Although I am generally not in favor of admitting extraneous criminal offenses into evidence during the accused’s trial, see, for example, the dissenting opinion that I filed in Dickey v. State, 646 S.W.2d 232 (Tex.Cr. App.1983), in this instance, because appellant raised the defensive issue of just what his intent might have been when he escaped from one of the units of the Department of Corrections, which I find was a factual issue for the jury to resolve, and the jury was so instructed, I am unable to agree that the extraneous criminal offense testimony was inadmissible evidence.

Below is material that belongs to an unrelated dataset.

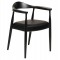 ΠΟΛΥΘΡΟΝΑ ΤΡΑΠΕΖΑΡΙΑΣ ADOR HM9948.02 RUBBERWOOD ΚΑΙ PU-ΜΑΥΡΟ 62x54x76,5Υεκ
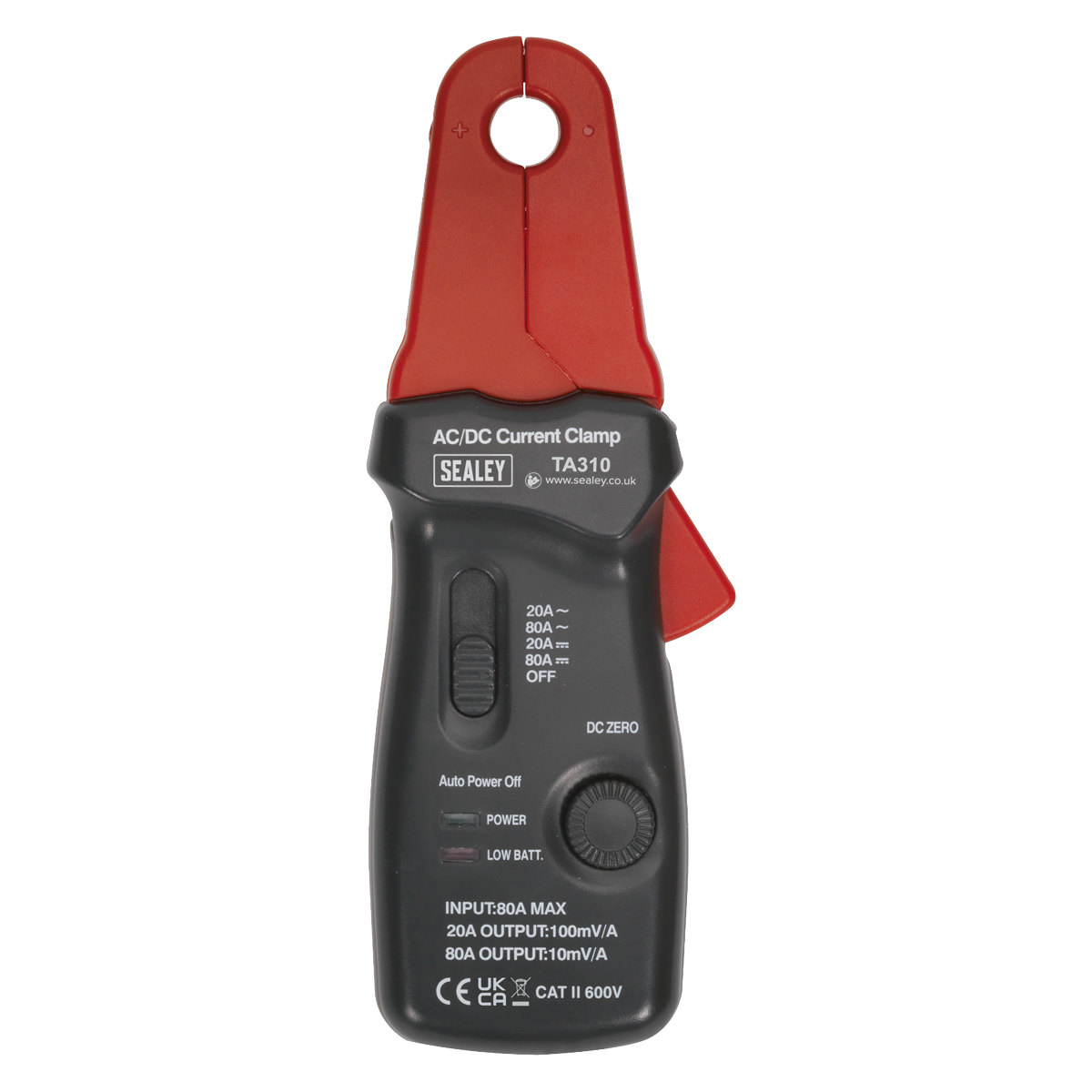 Sealey TA310 Current Clamp 20A/80A AC/DC - 12mm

*886The relevant facts are not in dispute. The record reflects that during its case in chief, the State tried a “clean” case. The State proved up in its case in chief the fact that early one morning appellant and another inmate escaped from the Beto II Unit of the Department of Corrections. For rebuttal purposes, and over objection, the State was permitted to introduce into evidence extraneous offenses which established that after appellant and his fellow inmate escaped from the unit, at a short distance from the unit, they attempted to break into a non-inmate’s residence and that appellant cut the non-inmate with a knife he was then armed with. The two then fled into nearby woods where they were soon apprehended.

The trial judge charged the jury at the guilt stage of the trial on the defense of necessity and further instructed the jury that they could consider the extraneous offense testimony only “in determining the intent of the defendant, if any, in connection with the offense, if any, alleged against him in the indictment in this case, and for no other purpose.”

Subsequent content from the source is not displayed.